MINNEAPOLIS - Forget about a trip to Lourdes to cure the ailing bat of Toronto Blue Jays slugger Jose Bautista.
All it takes is a visit to Target Field, which is a short haul flight compared to taking a jet to France.
But if you believe deeply enough, miracles can occur at any corner. For Bautista, there is no spot more productive than the Minnesota Twins' three-year old ball park.
Bautista dragged a weary bat to Minneapolis having gone 4-for-24 on the Jays' current road trip with just seven hits over his previous 49 at-bats.
Not to worry. The gods that inhabit Target Field move in mysterious ways.
In the first inning, Bautista put a sweet swing on a 1-1 pitch and crushed it into the seats in left field for his sixth homer of the season.
Then in the sixth, with his club trailing 6-2, he led off the inning with a second jolt into the seats, No. 7 on the season.
Hitting homers at Target Field is what Bautista does best. Last season, he stroked five in a three-game series and overall has nine homers in the nine games he has played here.
By way of comparison, the Twins' Joe Mauer and Justin Morneau have, in 194 combined games, managed to hit seven.
It was the first multi-homer game of the season for Bautista and the 16th of his career.

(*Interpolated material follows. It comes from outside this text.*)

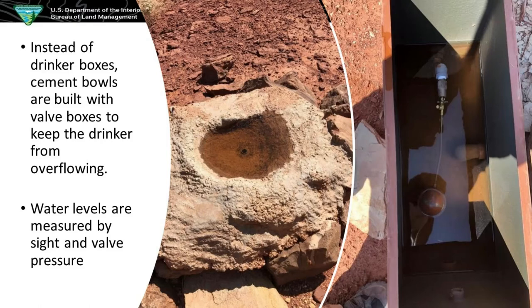A unique thing with the bighorn guzzlers is that instead of the drinkers the pronghorn use, we make cement drinkers. Instead of that valve being on the drinker, we have a valve box — when bighorn sheep drink out of it, it will fill up and go down, gravity feeding it, and once it levels off they both stop. Also the tanks are a bit different — we can't just drop a string and weight down the tanks to measure water. Instead I press down on the ball to see how much pressure. Lots of pressure is good; not much pressure is bad.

Two other Jays — Edwin Encarnacion and Eric Thames — joined Bautista in the home run derby, but it counted for naught.
Like a Whack-A-Mole game at the local fair, just when it seems that Bautista might get going, a problem pops up called Kyle Drabek.
The sins of Drabek overcame the miracle of Bautista and it was the Twins that emerged with the 7-6 victory.
Drabek was the topic and the bulk of the pre-game chat with John Farrell and the Jays manager was all positive.
Farrell talked about how Drabek has been better at handling his emotions, about how he has the trust in his two-seam fastball, that even in his three consecutive losses he has seemed to be under control.
The talk turned out to be cheap, however, and following a nearly two-hour rain delay that pushed the start to 9 p.m. CT, a wild and erratic Drabek took to the mound.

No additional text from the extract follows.